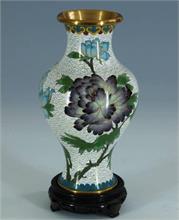 Cloisonné Vase.   China  20. Jh. 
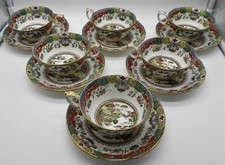 6 TASSES & SOUS TASSES  DÉCOR JAPONISANT EN PORCELAINE ANGLAISE XIX ème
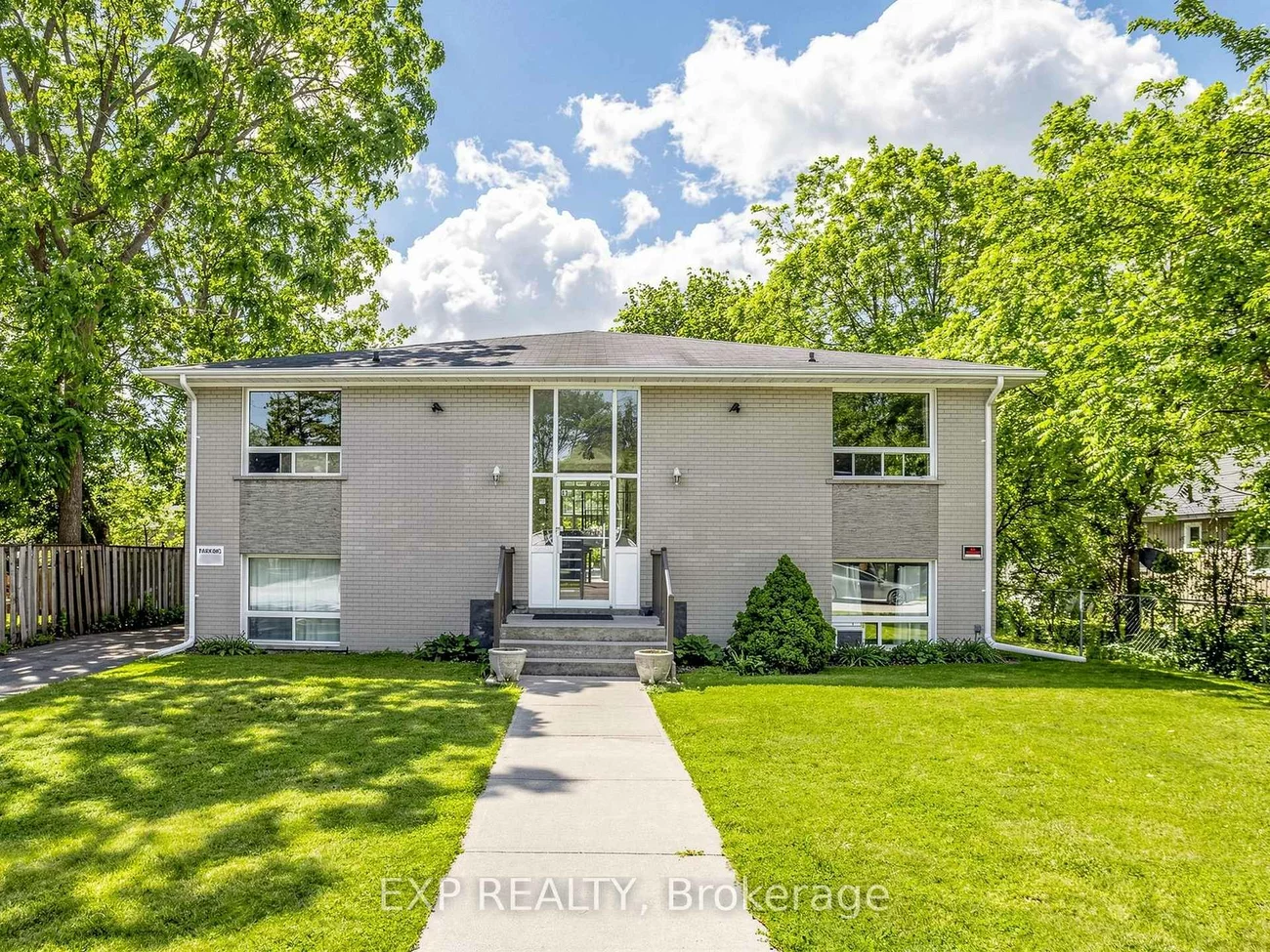 89, Donald, Queen's Park, Barrie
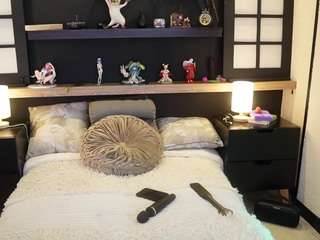 Live webcam model scarlett-collins on Soda Cams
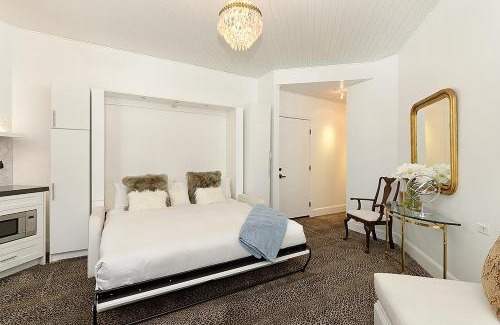 Downtown Hôtel | Independence Square 310, Chic, Remodeled Studio w/Great Location in Aspen, A/C, & Kitchenette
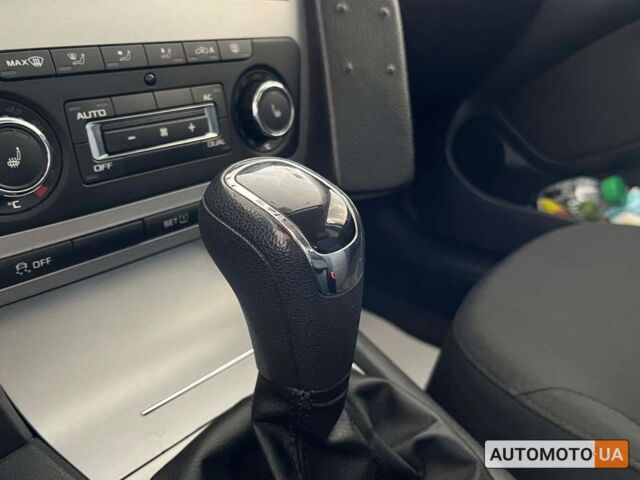 Черный Шкода Октавия, объемом двигателя 1.6 л и пробегом 262 тыс. км за 9200 $, фото 15 на Automoto.ua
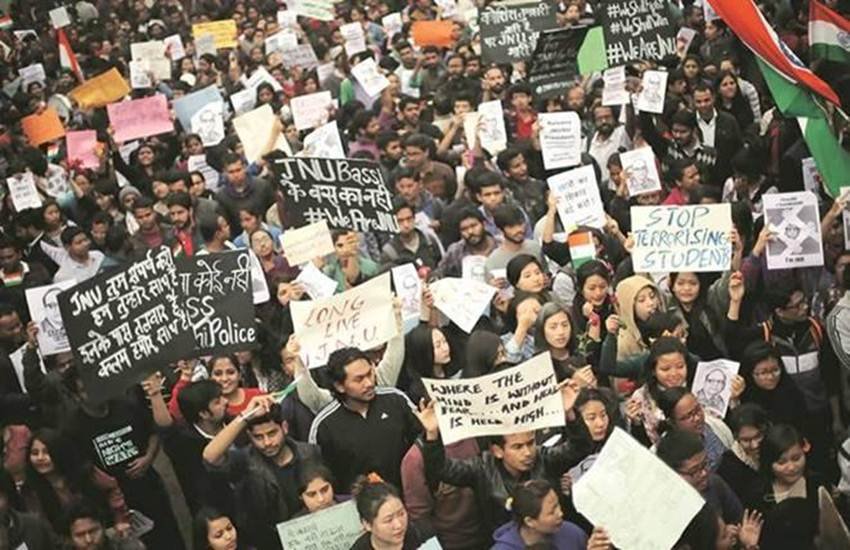 जेएनयू छात्र संघ के पदाधिकारियों पर जुर्माना लगाया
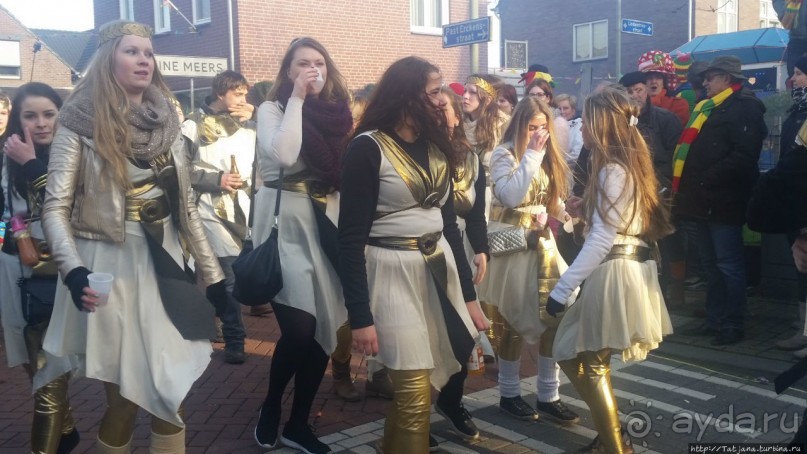 Карнавальное шествие в деревне Kleine Meers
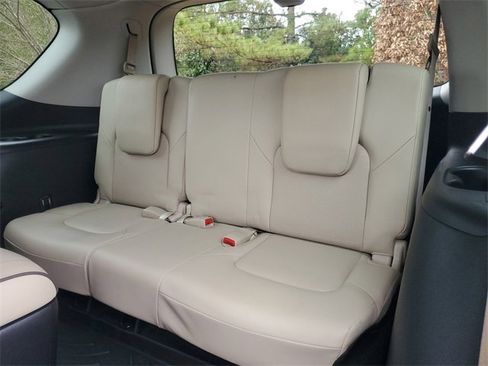 Used 2021 Nissan Armada Platinum w/ Captain's Chairs Package image 9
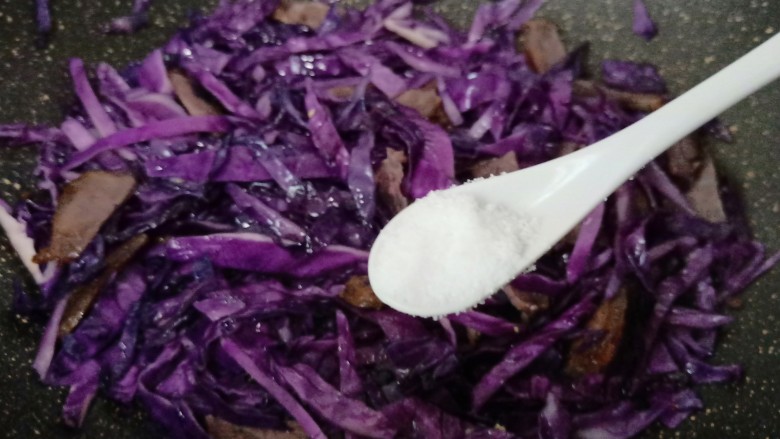 紫甘蓝炒牛肉,加适量的白糖。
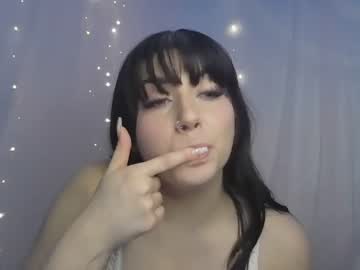 latina cam girl itsimogen image #4277286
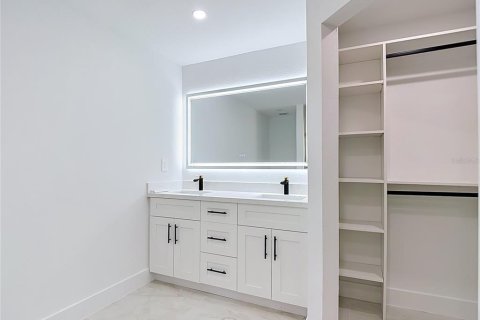Villa ou maison à vendre à Cape Coral, Floride: 4 chambres, 156.35 m2 № 2388882 - photo 19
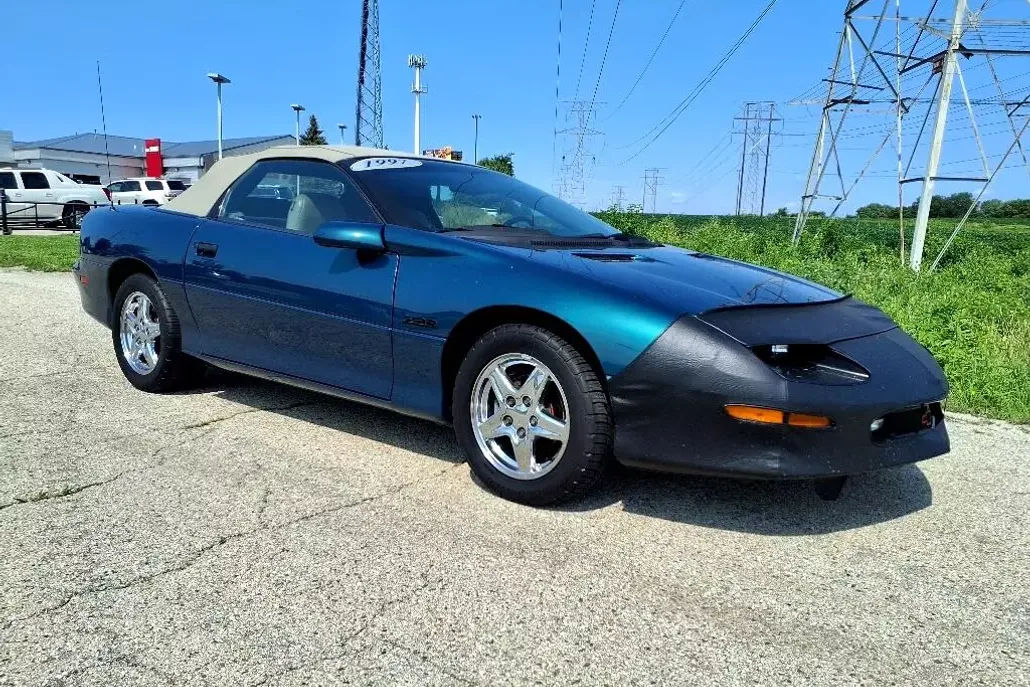 1997 Chevrolet Camaro Z28 photo 1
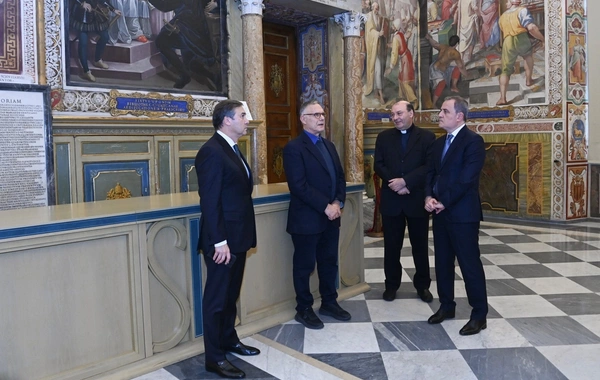 Ceyhun Bayramov Vatikan Apostol Kitabxanasında olub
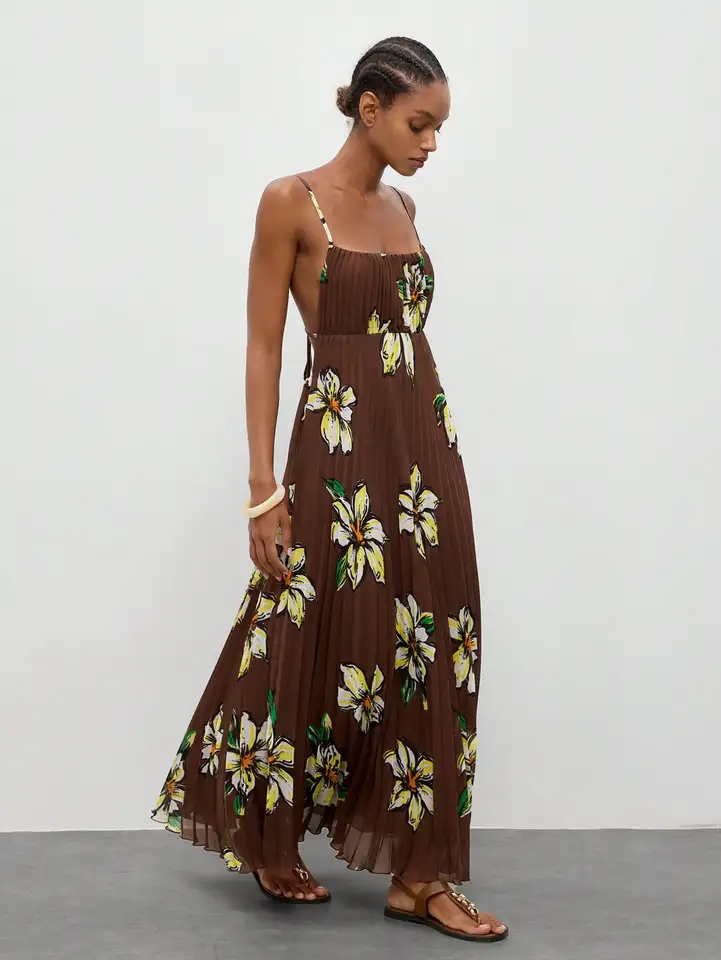 Emerald Green Sleeveless Pleated Maxi Dress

REQUIREMENT> Could you return, word for word, every line from the line with "Villa ou maison" through the last line of the listing above, both ends included, without any pictures?

TASK RESPONSE>
Villa ou maison à vendre à Cape Coral, Floride: 4 chambres, 156.35 m2 № 2388882 - photo 19
 1997 Chevrolet Camaro Z28 photo 1
 Ceyhun Bayramov Vatikan Apostol Kitabxanasında olub
 Emerald Green Sleeveless Pleated Maxi Dress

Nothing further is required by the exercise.